A proposed Bill has been introduced at the Scottish Parliament to limit pre-release access (PRA) to official statistics.

The convener of Holyrood's Economy Committee argued ministers seeing information up to five days before it is made public "enables them to provide a positive slant before anyone else can respond".

Gordon Lindhurst said statistics should be available "on an equal and not a privileged basis".

He said both the Office for National Statistics and Bank of England have abolished the practice and urged the Scottish Government to follow suit for some statistics.

"It puts ministers, whichever party is in power, in a privileged position - that it allows the figures to be framed in a particular way, or even to be spun," Mr Lindhurst said.

Speaking on behalf of the Scottish Government, Kate Forbes claimed PRA did not give ministers an advantage but rather allowed them to respond to new information "with depth and with accuracy".

Mr Lindhurst explained the proposed Bill would remove PRA for retail sales figures and GDP statistics - in line with the rest of the UK - and reduce the time period from five days to one for certain other statistics.

He also cited the Royal Statistical Society's evidence to the committee, which said "Scotland is very much an anomaly relative to almost the whole developed world", in relation to PRA.

Ms Forbes insisted the Scottish Government handles data ethically and "continues to put that principle at the forefront of our work".

She said: "One of the first myths I want to dispel is the idea that pre-release access to, for example GDP statistics, gives Scottish ministers a first-mover advantage.

"There is nothing inappropriate about pre-release access to official statistics. "It is in line with legislation, people receive early access if the person responsible for producing the statistics considers it necessary and legitimate.

"We believe that those in authority, or those with responsibility for a policy area that is of national importance, can talk about the new information with depth and with accuracy when they are asked to do so when those statistics are published."

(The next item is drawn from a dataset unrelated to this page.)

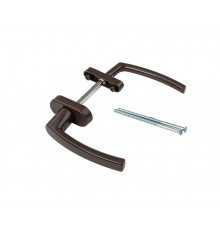 Гарнитур для балконной двери узкий алюминиевый коричневый, штифт 95 мм RAL 8019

Labour MSP Rhoda Grant said her party backed the committee's proposed Bill. "It's clear pre-release access puts the Government in a position to spin the statistics to their best advantage," she said.

"That can cause confusion and undermines trust in the whole system." Green MSP Andy Wightman said successive SNP ministers had "stuck their head in the sand" and refused to deal with the issue.

He added: "The committee's proposal does not even go as far as the recommendations of experts, it doesn't go as far as the committee's recommendations.

"This is such a modest proposal no member, let alone a Government minister, should have any difficulty supporting it if you believe in good governance and transparency."